Sebagai lulusan ekonomi yang bekerja di institusi
pemerintah yang bergerak dibidang pembangunan insfrastruktur, sudah dipastikan
banyak hal-hal yang saya tidak ketahui mengenai hal-hal yang berhubungan dengan
keteknikan. Untungnya, saya diberi kesempatan untuk mengikuti diklat keteknikan
bersama teman-teman angkatan 2010. Kami dibagi kedalam dua kelompok dalam
diklat keteknikan kali ini. Kelompok saya mengikuti Bimbingan Teknis Jalan dan
Jembatan di Pusat Penelitian dan Pengembangan Jalan dan Jembatan di
Ujungberung, Bandung pada tanggal 19-21 Desember 2012. Sedangkan kelompok yang
kedua mengikuti Bimbingan Teknis Permukiman di Pusat Penelitian dan
Pengembangan Permukiman di Jatinangor pada tanggal 20-22 Desember 2012.
Hari pertama Bintek Jalan dan Jembatan diisi
dengan pembukaan yang dilanjutkan dengan penjelasan mengenai aspal dan
pengujian beberapa alat yang berkaitan dengan aspal. Walaupun susah untuk
paham, setidaknya saya mencoba untuk mencerna apa yang diajarkan oleh para
narasumber. Penjelasan mengenai aspal hari ini dilakukan di laboratorium aspal.
Dimulai dengan pengujian test pit yaitu
mengambil sampel aspal untuk diuji kadar aspal dan analisa saringan.
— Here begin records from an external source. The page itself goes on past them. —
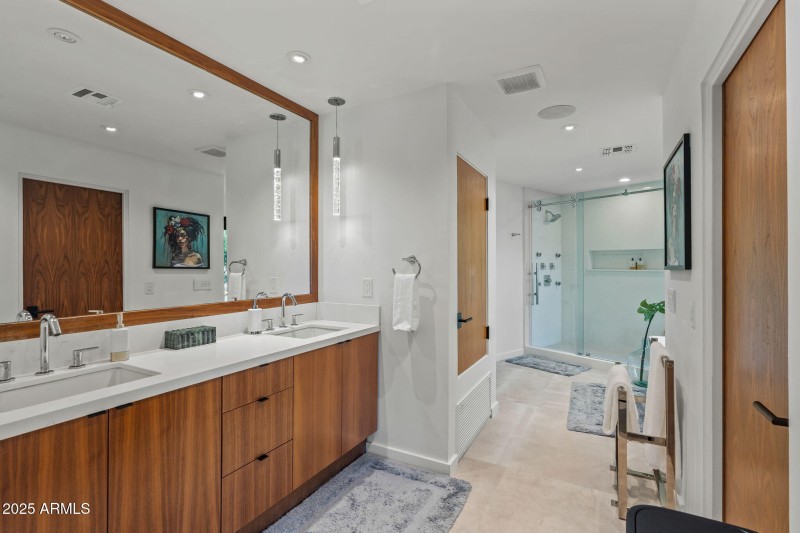 70-web-or-mls-7517 N Moonlight Ln--65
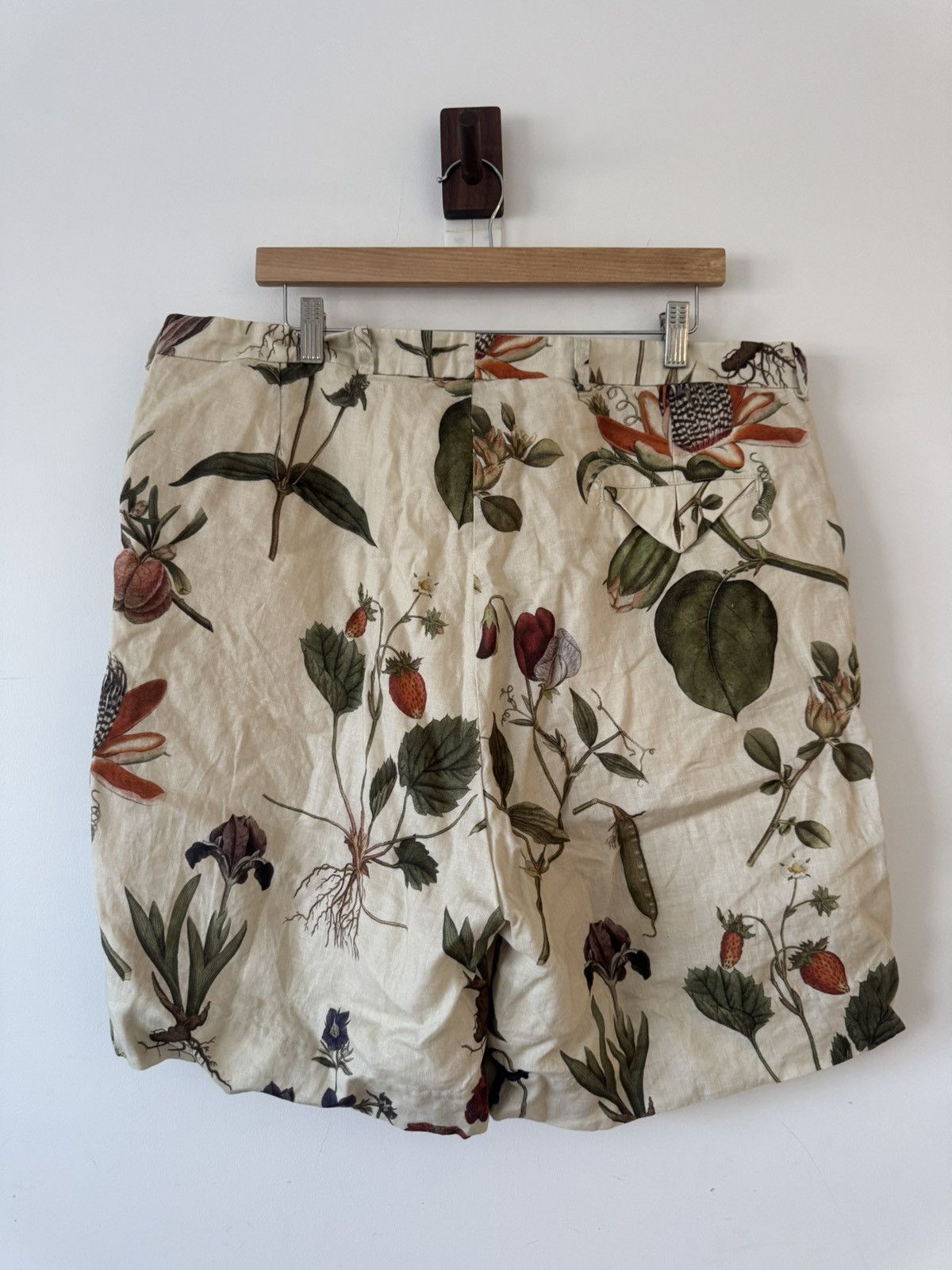 Paul Harnden Shoemakers Flower printed Shorts Size US 36 / EU 52 - 2 Thumbnail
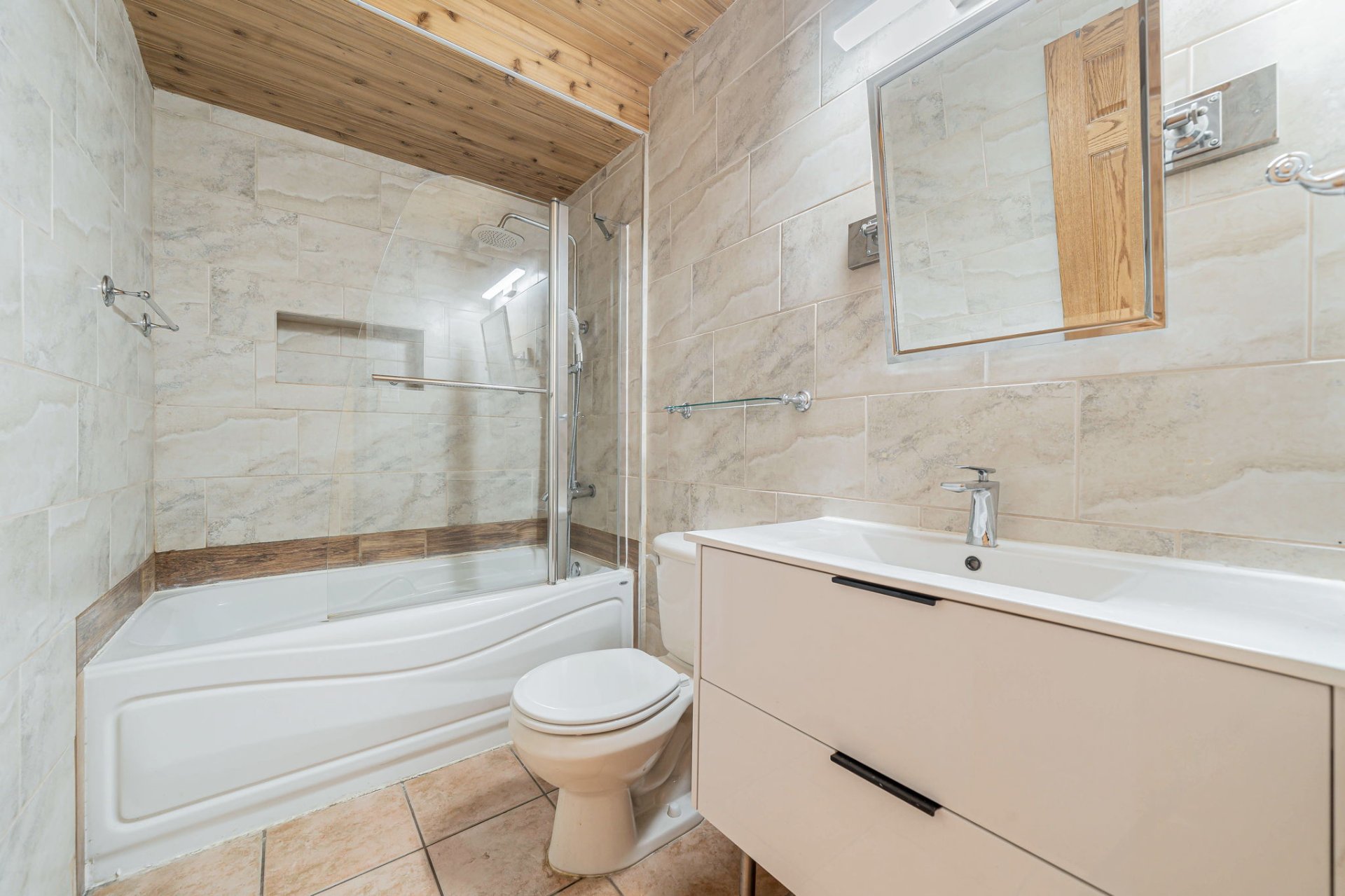 Home office space in Montreal property 21 Rue Erinmore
Pengujian selanjutnya pengambilan sample aspal
yang biasanya disebut dengan 'nge-core' yang menggunakan alat bernama core
drill. Sampel aspal yang terambil nantinya digunakan untuk menguji
kepadatan dan ketebalan aspal yang kemudian akan dilakukan pengecekan lebih
lanjut di laboratorium. Kemudian, kami menggunakan alat bernama sandcone untuk menguji kepadatan tanah
atau agregat lapis A dan B. Jika anda bertanya apa itu lapis A atau lapis B,
sebaiknya anda langsung tanya kepada teman anda yang lulus sebagai sarjana
teknik sipil. Tujuan untuk menguji kepadatan tanah adalah untuk mengetahui
apakah tanah yang diuji sudah sesuai dengan standar kepadatan tanah. Untuk
membangun fondasi, standar kepadatan tanah yang disyaratkan adalah sebesar 98
%. Jika pada saat pengujian terbukti tanah tersebut kurang padat, maka
kontraktor harus memadatkan lagi sehingga standar kepadatan tanah dapat
tercapai.
Alat keempat yang kami pakai adalah Dynamic Cone. Alat ini digunakan untuk
mengukur ketebalan tanah. Data-data yang didapat dari alat ini kemudian diolah
dan dihitung kembali sehingga menghasilkan nilai CBR (Callifornia Bearing Ratio). Standar CBR yang bagus untuk jalan
adalah 93-95% yang berarti tanah tersebut sudah memenuhi standar ketebalan
tanah untuk pembangunan jalan.
Semua pengujian di atas merupakan pengalaman
pertama bagi saya. Walaopun saya tidak sampai paham secara mendalam mengenai
pengujian aspal tersebut, tapi ini merupakan ilmu yang baru buat saya. Sempat
terpikir kenapa saya dulu tidak tertarik dengan teknik sipil. Tapi bukan
berarti saya menyesal menjadi lulusan ekonomi. Dalam hal ini saya hanya
mengagumi ilmu-ilmu dalam teknik sipil yang prakteknya bisa membuat
bangunan-bangunan konstrtruksi seperti jalan, jembatan, bangunan gedung dan
bangunan air. Semoga materi yang disampaikan hari ini dapat berguna untuk saya
dan teman-teman saya dalam menjalankan tugas selanjutnya.